É preciso derrotar Berlusconi

UMBERTO ECO

Estamos diante de um prazo dramático. Desde 2001, a Itália decaiu em todas os sentidos: o respeito pelas leis e a Constituição, a situação econômica, o prestígio internacional. Se tivermos de passar por mais cinco anos de governo do Pólo das Liberdades (a coalizão de direita encabeçada por Silvio Berlusconi), sendo representados diante do mundo por gente como Roberto Calderoli (ministro obrigado a renunciar por ter usado uma camiseta estampada com caricaturas do profeta Muhammad, o que desencadeou tumultos sangrentos na Líbia) e pelos mais recentes recrutas da Força Itália, os impenitentes do fascismo em versão Saló, o declínio de nosso país será inexorável e, possivelmente, definitivo.
É por essa razão que o encontro marcado de 9 de abril é diferente de todas as eleições que já tivemos até agora: antes, tratava-se de escolher quem iria governar, sem precisar temer a chegada de um governo que colocasse as instituições democráticas em risco. Desta vez, trata-se simplesmente de salvar essas instituições. Os partidos de oposição procuram atrair os votos dos indecisos que votaram no Pólo e sentem-se traídos.

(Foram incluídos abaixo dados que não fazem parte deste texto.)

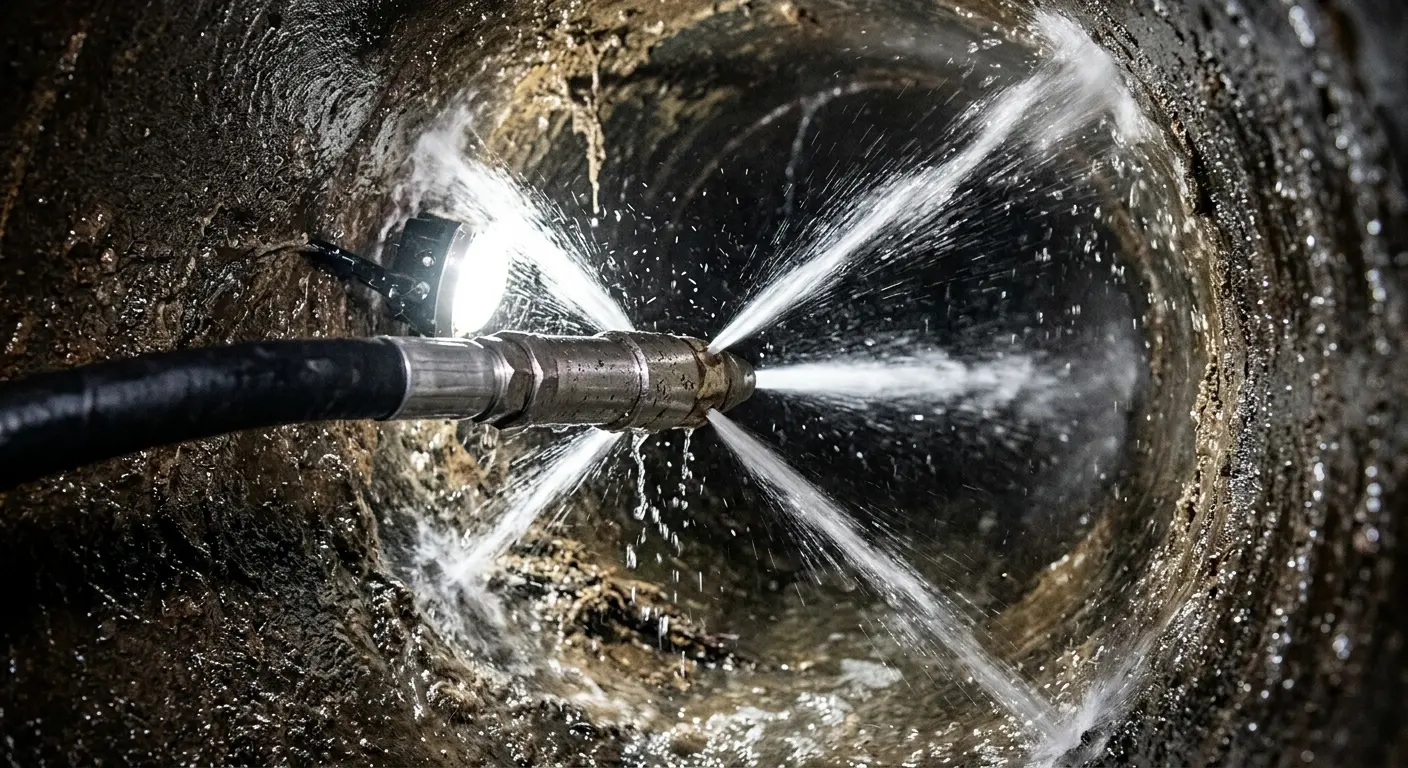 High-pressure hydro jetting nozzle cleaning sewer pipe for Emergency Drain Service in Clay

Eles cumprem seu dever, mas creio que seja preciso aplicar um raciocínio diferente.
Não são os indecisos que votaram na direita na última vez que representam o risco maior nestas eleições (ou eles vão votar como antes, por convicção ou por preguiça, ou vão se abster). Considero que seja necessário esforçar-se para convencer os eleitores de esquerda decepcionados.
Nós os conhecemos; eles são muitos, e este não é o lugar para discutir as razões de sua insatisfação. Mas é a eles que convém recordar que, se se deixarem levar por esse descontentamento, vão contribuir para deixar a Itália nas mãos daqueles que conduziram o país à ruína. Nenhum descontentamento, mesmo que seja inteiramente justificado, pode comparar-se ao medo de uma involução fatal de nossa democracia, à indignação de todo democrata sincero diante do massacre que vem sendo feito das leis, da separação dos Poderes, do próprio sentido do Estado. É isso que cada um de nós deve repetir a seus amigos indecisos e decepcionados. É deles e de seu engajamento que vai depender que a Itália possa evitar ser, por mais cinco anos, um terreno de rapina de pessoas que não sabem defender senão seus interesses privados.
Mesmo se esses amigos tiverem decidido exercer seu espírito crítico com toda equanimidade (saber criticar seu próprio campo é sinal de honestidade intelectual), eles devem sacrificar seus sentimentos, por enquanto, e se juntar a nós no esforço coletivo.
Convencer, é esse o dever e a tarefa de todos aqueles que, nos últimos anos, participaram das discussões cidadãs. O navio corre o risco de afundar. Que cada um retorne a seu posto.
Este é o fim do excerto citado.